The YAML configuration schema validated by flexinfer-site’s playground.

flexinfer-config (Playground)

flexinfer-config.yaml is a human-friendly configuration format intended for:

  • quickly describing a model + runtime needs
  • validating config in the flexinfer-site playground
  • acting as a stable input to future tooling (CLI → CRDs)

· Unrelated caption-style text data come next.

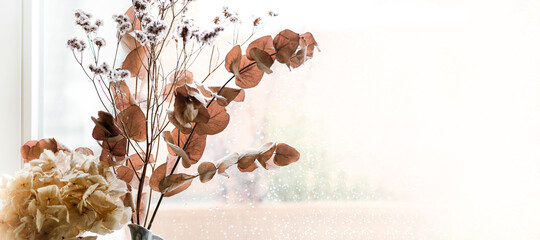 eine Blumendekoration aus getrockneten Pflanzen links un der Ecke vor einer Fensterscheibe - Blick durch das helle Fenster mit freier Fläche für Text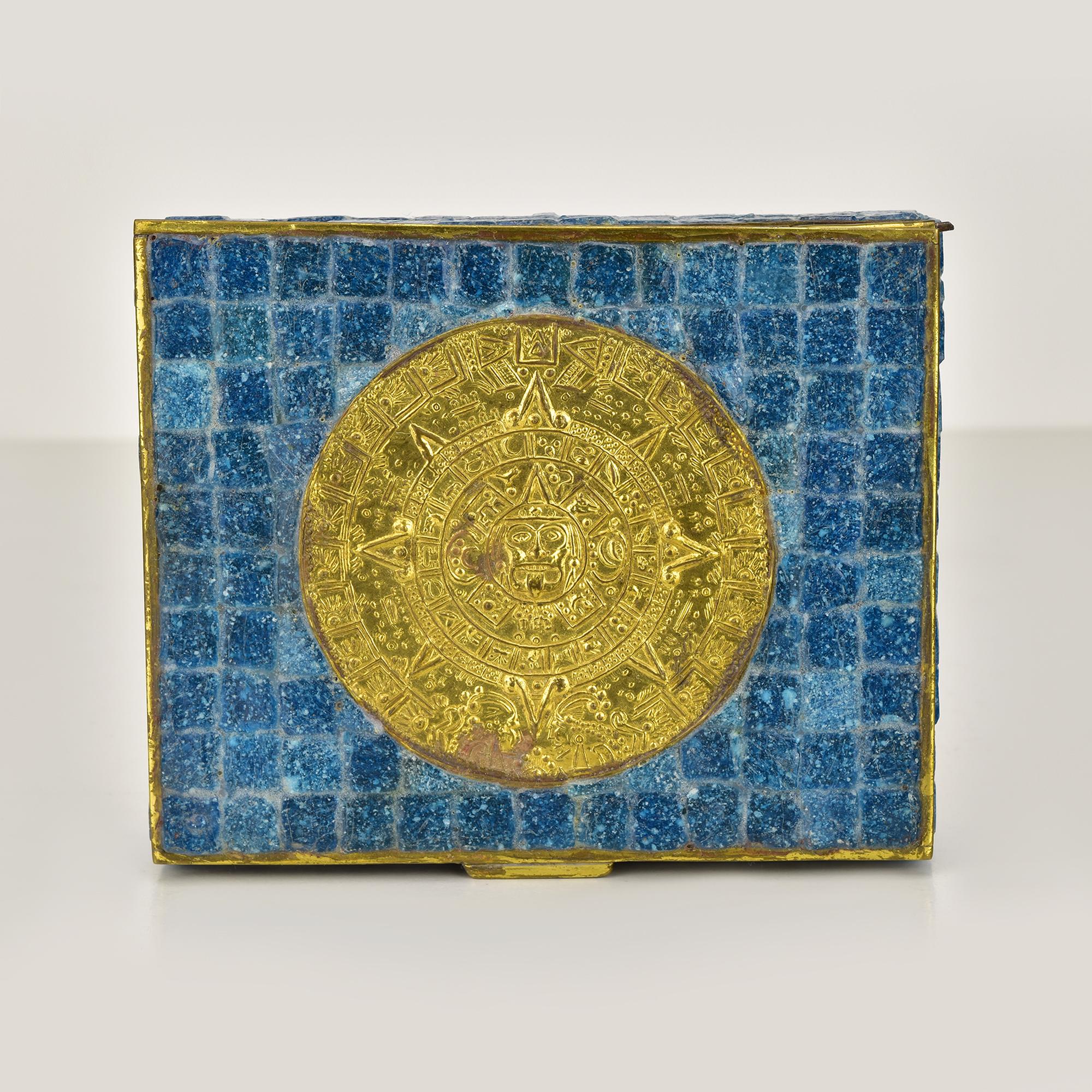 Esta singular caja vintage de México está adornada con vibrantes mosaicos de vidrio azul, que forman una cautivadora superficie texturizada. La pieza central de esta pieza es un intrincado adorno de metal dorado, que recuerda a los motivos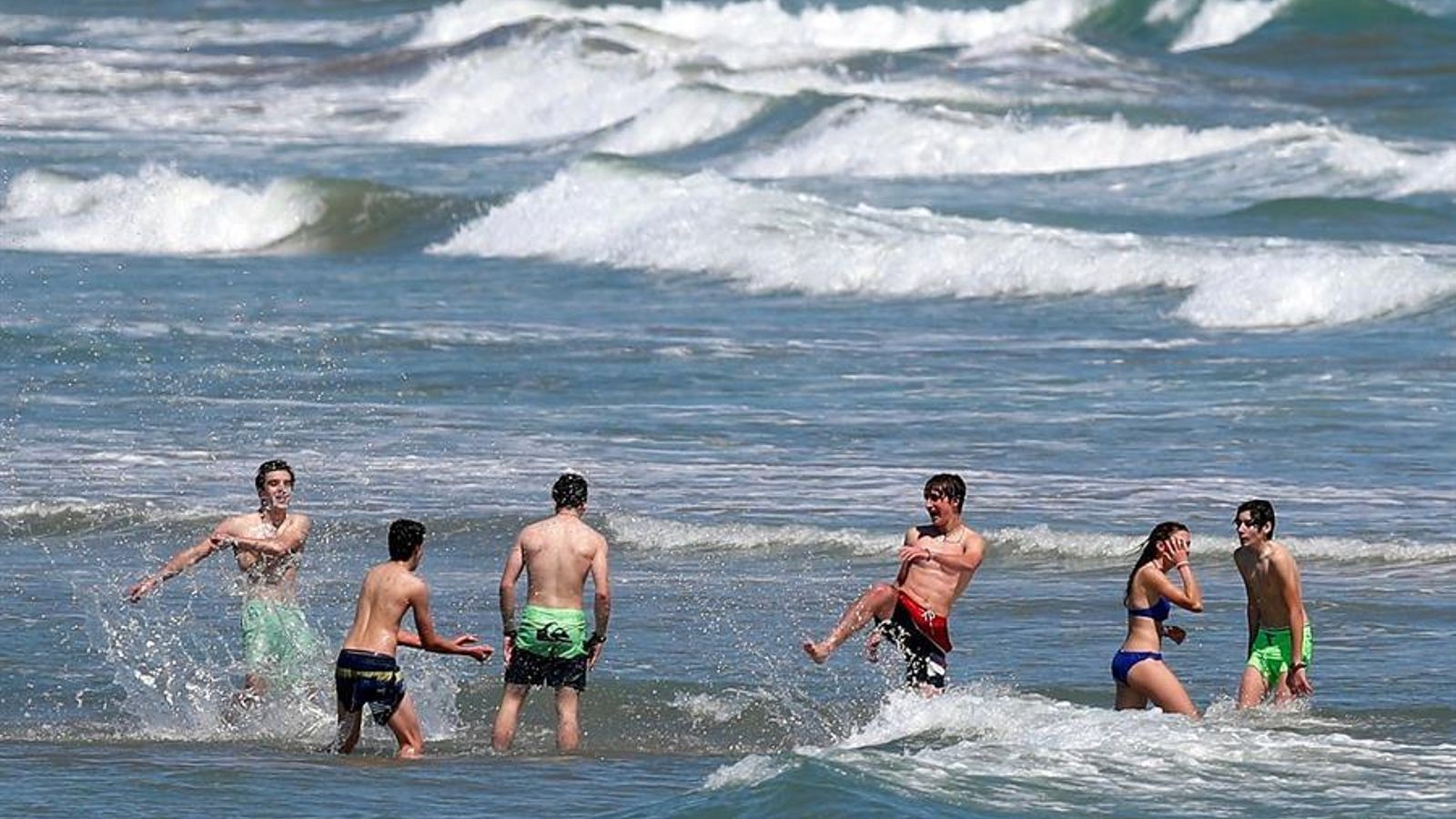 Un grup de joves pren un bany a la platja de la Malva-rosa de València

This format is separate from the Kubernetes CRDs (Model, ModelDeployment, etc.).

Schema overview

Top-level keys:

  • version (required): semver-ish string, e.g. 1.0
  • model (required): which model + backend to run
  • resources (optional): GPU/CPU/memory and replica count
  • serving (optional): port, concurrency, timeouts
  • logging (optional): level and format

Example

version: '1.0'
model:
  name: meta-llama/Llama-3.1-8B-Instruct
  backend: vllm
  quantization: awq
  context_length: 8192
resources:
  gpu:
    type: nvidia
    count: 1
    memory: 24Gi
  replicas: 1
  cpu: '4000m'
  memory: 32Gi
serving:
  port: 8080
  max_concurrent: 50
  timeout: 60s
logging:
  level: info
  format: json

Field reference

model

  • name (required): model name or HuggingFace model ID
  • backend (required): vllm | llamacpp | tgi | ollama
  • quantization (optional): awq | gptq | fp16 | fp32 | int8 | int4
  • context_length (optional): integer
  • max_batch_size (optional): integer

resources

  • gpu.type (optional): amd | nvidia | cpu
  • gpu.count (optional): integer
  • gpu.memory (optional): string like 24Gi
  • replicas (optional): integer
  • cpu (optional): string like 4000m or 4
  • memory (optional): string like 32Gi

serving

  • port (optional): integer
  • max_concurrent (optional): integer
  • timeout (optional): string like 60s, 5m
  • health_check (optional): boolean

logging

  • level (optional): debug | info | warn | error
  • format (optional): json | text

Source of truth (today)

The validator for this schema currently lives in:

  • services/flexinfer-site/lib/schemas/flexinfer-config.ts

The corresponding JSON Schema artifact lives in:

  • services/flexinfer/specs/jsonschema/flexinfer-config.schema.json

As the FlexInfer CLI evolves, this spec should become a shared artifact (generated schema + docs) so the playground and CLI don’t drift.